The historic rite places the sermon or homily between the Gospel and the Creed. Common usage places the Creed immediately after the Gospel. I would suggest that the placement of the Creed is a matter of local custom.

Since the Gloria in Excelsis, the Creed and the Sanctus share a common dignity; the rubrics direct that everyone faces the (liturgical) East when the Creed is recited.

In those places where the Creed follows immediately upon the Gospel, especially when the Gospel has been read in procession, it is contrary to the rubrics to intone the Creed while the procession is returning to the altar, and while the celebrant is facing the congregation. The sub-deacon returns the book to the celebrant. After the ministers have returned to their usual places, only then it the Creed to be intoned.

Wednesday, November 14, 2007

The Holy Gospel

Before the reading of the Gospel, the deacon kneels at the center of the altar and asks for a blessing. The celebrant blesses him saying, The Lord be in your heart and on your lips, that you may worthily and rightly proclaim his holy Gospel, in the name of the Father, and of the Son + , and of the Holy Spirit. Amen.
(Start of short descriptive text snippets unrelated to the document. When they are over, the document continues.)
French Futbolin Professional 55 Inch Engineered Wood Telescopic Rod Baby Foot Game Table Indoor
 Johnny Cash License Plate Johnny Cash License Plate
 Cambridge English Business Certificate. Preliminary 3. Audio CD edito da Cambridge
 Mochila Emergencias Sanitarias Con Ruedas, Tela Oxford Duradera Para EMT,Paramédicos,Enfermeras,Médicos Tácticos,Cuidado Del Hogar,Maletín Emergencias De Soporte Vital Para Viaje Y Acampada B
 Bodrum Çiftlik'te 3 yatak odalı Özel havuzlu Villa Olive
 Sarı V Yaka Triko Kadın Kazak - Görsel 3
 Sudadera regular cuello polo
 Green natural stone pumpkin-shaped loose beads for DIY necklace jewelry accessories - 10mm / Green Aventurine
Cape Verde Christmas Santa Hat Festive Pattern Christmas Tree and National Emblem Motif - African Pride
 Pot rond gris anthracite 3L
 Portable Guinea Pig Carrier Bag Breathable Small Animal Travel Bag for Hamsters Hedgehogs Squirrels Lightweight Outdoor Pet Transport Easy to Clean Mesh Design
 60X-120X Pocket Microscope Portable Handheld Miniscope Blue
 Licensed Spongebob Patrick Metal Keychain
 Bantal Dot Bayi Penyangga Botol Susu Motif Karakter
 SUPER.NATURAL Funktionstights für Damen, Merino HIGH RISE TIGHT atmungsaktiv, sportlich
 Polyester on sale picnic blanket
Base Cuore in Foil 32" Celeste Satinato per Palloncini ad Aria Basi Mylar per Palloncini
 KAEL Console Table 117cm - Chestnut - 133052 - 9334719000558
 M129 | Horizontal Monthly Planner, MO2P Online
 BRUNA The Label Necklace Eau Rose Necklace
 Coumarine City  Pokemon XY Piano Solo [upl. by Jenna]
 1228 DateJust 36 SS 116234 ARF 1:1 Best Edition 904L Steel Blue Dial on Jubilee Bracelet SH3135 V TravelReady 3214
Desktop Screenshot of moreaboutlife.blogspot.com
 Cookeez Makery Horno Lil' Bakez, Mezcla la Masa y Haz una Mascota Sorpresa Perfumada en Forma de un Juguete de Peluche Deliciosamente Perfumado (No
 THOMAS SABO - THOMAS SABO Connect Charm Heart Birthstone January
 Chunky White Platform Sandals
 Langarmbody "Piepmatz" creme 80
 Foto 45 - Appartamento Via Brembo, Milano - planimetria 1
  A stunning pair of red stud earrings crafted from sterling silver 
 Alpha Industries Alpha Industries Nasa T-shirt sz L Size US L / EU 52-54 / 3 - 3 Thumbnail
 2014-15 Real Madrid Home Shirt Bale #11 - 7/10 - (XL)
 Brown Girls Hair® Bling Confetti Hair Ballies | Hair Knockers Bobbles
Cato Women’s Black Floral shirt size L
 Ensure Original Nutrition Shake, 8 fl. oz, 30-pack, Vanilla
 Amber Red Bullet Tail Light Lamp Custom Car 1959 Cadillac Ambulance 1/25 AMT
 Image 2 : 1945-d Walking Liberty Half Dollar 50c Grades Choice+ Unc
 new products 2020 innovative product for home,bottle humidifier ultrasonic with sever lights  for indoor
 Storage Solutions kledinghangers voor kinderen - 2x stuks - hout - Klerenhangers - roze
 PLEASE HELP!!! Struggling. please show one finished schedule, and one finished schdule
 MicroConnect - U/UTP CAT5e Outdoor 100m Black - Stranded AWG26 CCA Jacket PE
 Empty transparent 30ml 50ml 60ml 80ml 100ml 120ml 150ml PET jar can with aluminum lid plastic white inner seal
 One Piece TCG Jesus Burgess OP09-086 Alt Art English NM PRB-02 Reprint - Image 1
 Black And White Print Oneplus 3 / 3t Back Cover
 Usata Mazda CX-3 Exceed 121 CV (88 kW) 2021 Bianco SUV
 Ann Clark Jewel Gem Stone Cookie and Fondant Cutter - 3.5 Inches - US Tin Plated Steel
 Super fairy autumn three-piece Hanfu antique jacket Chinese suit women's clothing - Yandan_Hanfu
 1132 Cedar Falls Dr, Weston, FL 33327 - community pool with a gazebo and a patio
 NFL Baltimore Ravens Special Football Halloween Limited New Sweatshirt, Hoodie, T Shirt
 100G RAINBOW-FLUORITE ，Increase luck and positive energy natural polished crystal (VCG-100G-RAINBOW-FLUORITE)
The sub-deacon and deacon go to the place where the Gospel is to be read. The deacon carries the book, then gives it to the sub-deacon to hold while he reads. The usual manner of announcing the Gospel is The Holy Gospel according to St. ______, the ____ chapter. As the deacon begins this announcement, he makes the sign of the cross with his right thumb upon the first word of the text. As he continues, he makes the same sign, in the same manner, upon his forehead, his lips and his breast.

Another manner of announcing the Gospel is The Holy Gospel of our Lord and Savior Jesus Christ according to St. _____. In the historic rite, the gospel is announced as either The beginning of... or The continuation of... the Gospel according to St. ____.

Historically, before the Gospel is announced, the deacon intones The Lord be with you. And the congregation responds And with your Spirit. The Gospel is then announced in the usual manner, to which the congregation responds Glory be to you, O Lord. At the conclusion of the reading, the congregation responds Praise be to you ,O Christ.

It would not be inappropriate to conclude the reading by saying The Gospel of the Lord. (Notice that this phrase is not preceded by This is.)

Historically, when the book is returned to the celebrant, he prays (in a low voice) By the words of the Gospel may our sins be purged away.

Tuesday, November 13, 2007

The Old Testament/Epistle

In the historic Western rite, it is the norm to have only two readings at Mass. The first reading may be from the OT, the Epistles, the Acts of the Apostles or the Revelation. The use of three readings, as is common today, is derived from the Masses of the Ember Days. The Ember Days are the historic days for ordinations; therefore, additional readings were included in these Masses.

I agree with Fr. Eckardt that Piepkorn's declaration that the first reading must always be called "the Epistle" is confusing. This is also at odds with the historic rite. Unless the reading is from the epistles, it is referred to as a reading or lesson.

The OT/Epistle is read by the sub-deacon. Before reading, the sub-deacon receives a blessing from the celebrant. Unlike the deacon at the Gospel, the sub-deacon does not request a blessing. The celebrant, without saying anything, blesses the sub-deacon with the sigh of the cross.